年齢や肩書は関係ない!臆せず意見を言い合える環境


研究室の指導方針について聞かせて下さい。


塩崎

鹿児島大学は地方の国立大学なんですが、学生さんがすごく素直なんですね。
素直というのはどういうことかというと、疑うや考えるといった能力やトレーニングが足りないかなと思います。
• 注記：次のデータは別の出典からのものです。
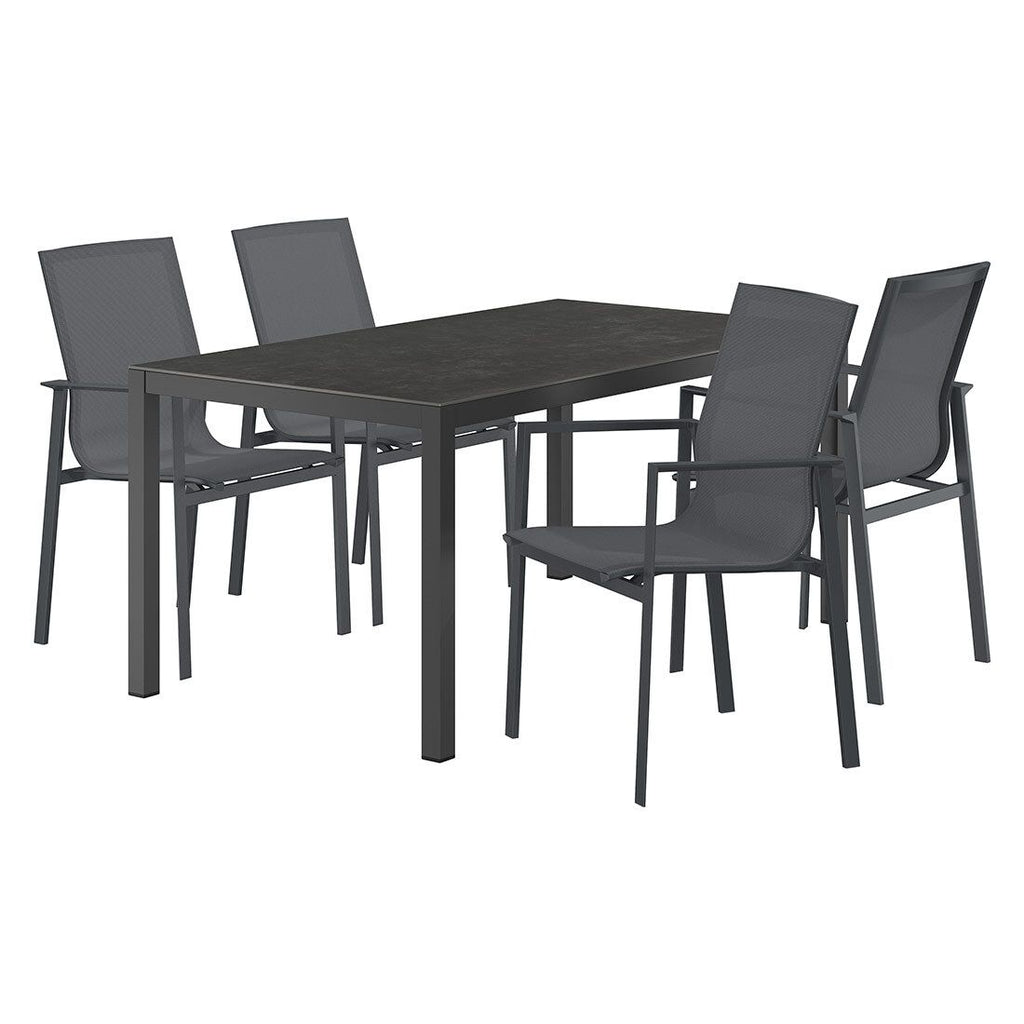 Hagemøbelsett Atlanta 4 plasser, aluminium/keramikk bakside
予想と違った結果が出ると、これは間違いだという風に考えたり、教科書と違うので間違いだと考えてしまう。
「他の考えはないの?」と聞くんですが、考えるといったことが得意じゃないんです。


そこが研究のおもしろさでもあるんですけどね……。


塩崎

なので「考えろ」という話をします。なんでそうなったかをディスカッションしようと。
僕のモットーは、研究室では3年生でもマスターでもドクターでもある意味イーブン
自分の考えは臆せずに、みんなで言い合おうと言っています。


年齢や肩書に関わらず、意見を言い合える環境って良いですね。


塩崎

学生達には「君たちは知識は足りないかもしれないし、論文も読んでないかもしれない。でも、斬新なアイデアを出せる可能性がある。」とよく言っています。それで勉強が足りないと怒ることは絶対にしない。


意見を臆せず言い合ってディスカッションしているうちに、もっと調べようとか、もっと他にあるんじゃないか、という考える力が身につく


ディスカッションは大事ですね。


塩崎

考えることが苦手な学生さんが多いので、研究という力を借りて成長させられればいいなと思っています。僕らもいい研究がしたいので、「Win-Win」です(笑)。
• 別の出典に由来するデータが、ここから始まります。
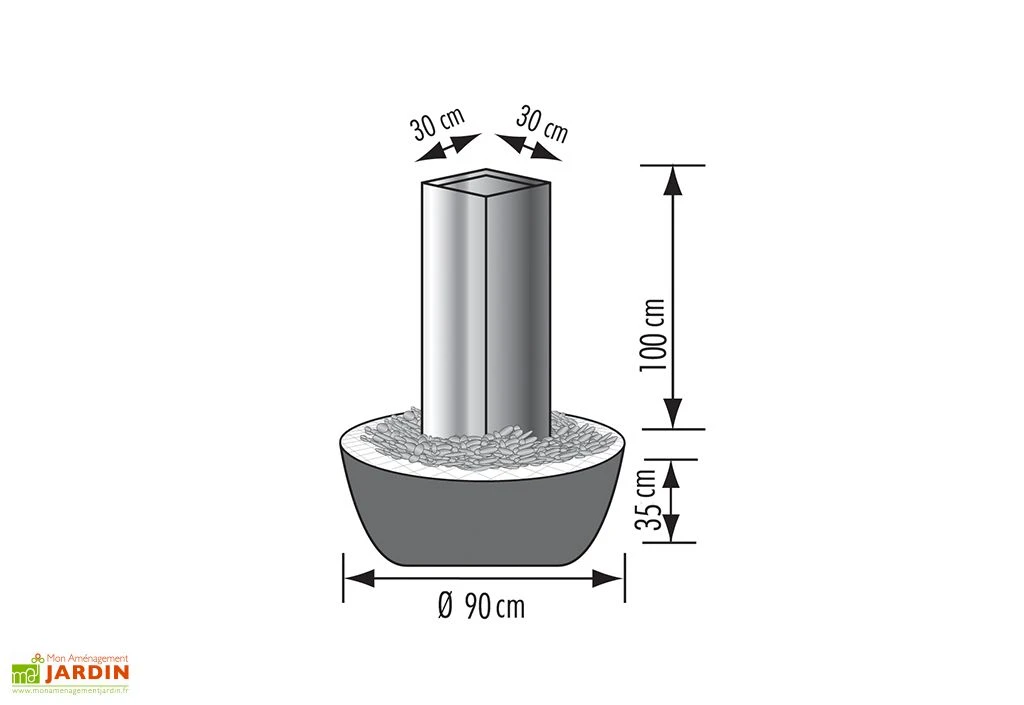 Fontaine De Jardin En Inox Tower 100B – Image 2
綺麗事を言うと、考える力は社会に出てからも役に立つし自分を助ける。上の言うことは絶対だという体育会系のラボはつくりたくない。


フラットな雰囲気のなかで、学生もだんだん意見を言うようになっていくんですね。


塩崎

研究室ではそういう雰囲気をつくろうとしています。洗い物など研究室の仕事は4年生が担当するところもあるんですけど、うちはみんなでやります。


片付けが苦手だったり、僕も含めてみんなできることとできないことがあるので、お互いにカバーしながらやっていく
そうすると、お互いのことがより分かって研究に取り組むので、ディスカッションもしやすくなるんです。


いいですね!自由な発想も生まれやすくなりそうです。


ディスカッションの重要性


塩崎

天才ってほとんどいないと思うんですよ。
僕も含めて普通の人。天才は一人でアイデア考えて立ち上げる力があるんだと思いますが、普通の人は頭のキャパや能力には限界がある。


そこをどうするかというと、お互いに高めあうしかない。高め合う手段としてディスカッションしたり、考えたり、実験したりというのがすごく重要なんです。


分かります。人と話すことで新しい発想やアイデアが生まれることもありますよね。


塩崎

凡人だけど凡人の力を集めることによって、ちょっと高い思考ができる。
教育の面でも大事だけど、研究する上でも重要かなと思うんです。


ディスカッションすることで研究に対しても能動的になりそうです。


塩崎

言いたいことを言うためには、手を動かさないと言いたいことも出てこないので実験も沢山する。
やらされる実験より、やっぱりモチベーションが変わってきます。


特に我々は生物を扱っているのでやることは沢山あります。
生物というのはある意味ゴールがないんですね。変化する要素が多くあって、それに起因してどんどん発展していく。研究の発展性ですね。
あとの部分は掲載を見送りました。